Work item: All the lines below should be set down exactly, with no picture carried into the copy.

╔══

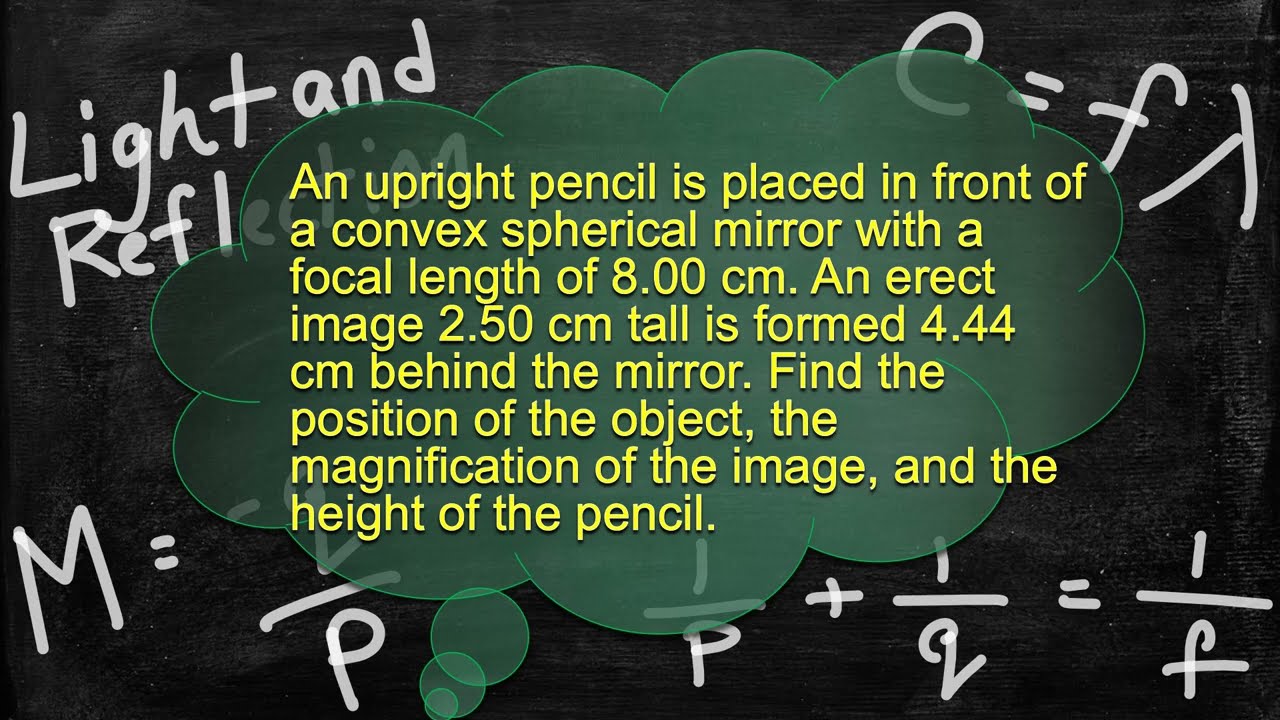 Physics Problem Solver - Light and Reflection-  Solving Mirror Problems  5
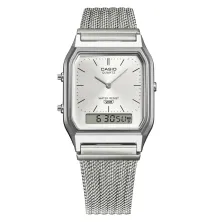 Casio Vintage AQ-230EM-7AEF Blanco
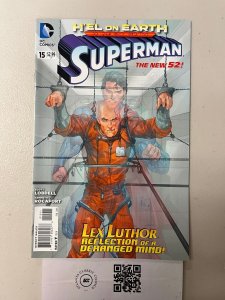 Superman #15 NM- DC Comics comic book 33 JW53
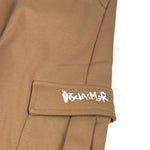 Disclaimer Pantalone Tuta tinta unita con Logo Cammello per Bambino 25IDK58605X CAMMELLO DISCLAIMER 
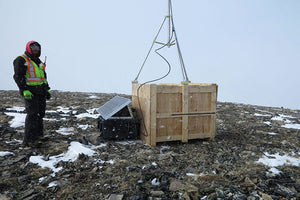 Canada Wide communications Solar Mountain Top radio Repeater Setup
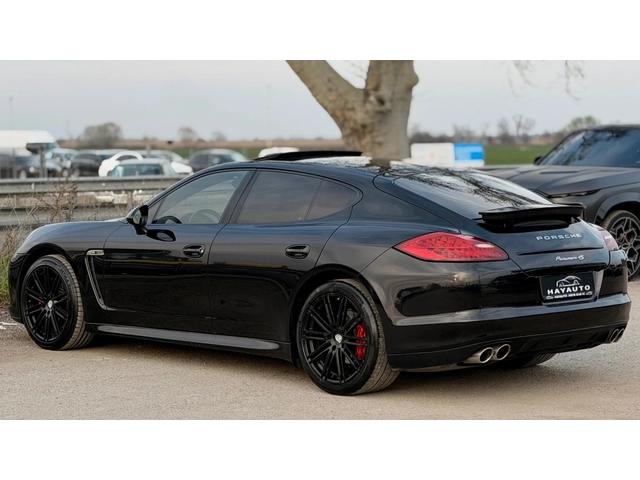 Porsche Panamera 4S= 4.8i= Distronic= Keyless Go= Burmester= - автомобили, коли, обяви за нови и употребявани 6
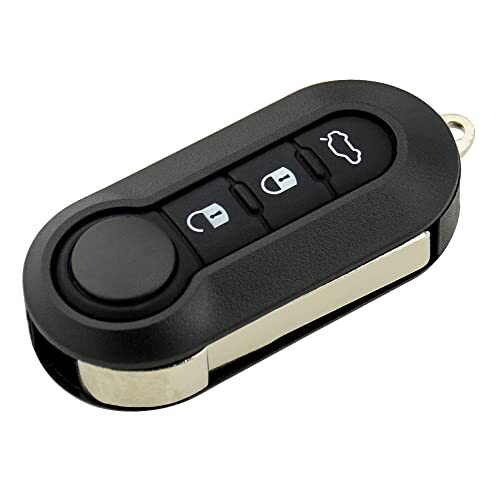 Dioche Clé de voiture 1J0959753AH 3 boutons de télécommande de voiture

╚══

Answer to the problem:
 Physics Problem Solver - Light and Reflection-  Solving Mirror Problems  5
 Casio Vintage AQ-230EM-7AEF Blanco
 Superman #15 NM- DC Comics comic book 33 JW53
 Disclaimer Pantalone Tuta tinta unita con Logo Cammello per Bambino 25IDK58605X CAMMELLO DISCLAIMER 
 Canada Wide communications Solar Mountain Top radio Repeater Setup
 Porsche Panamera 4S= 4.8i= Distronic= Keyless Go= Burmester= - автомобили, коли, обяви за нови и употребявани 6
 Dioche Clé de voiture 1J0959753AH 3 boutons de télécommande de voiture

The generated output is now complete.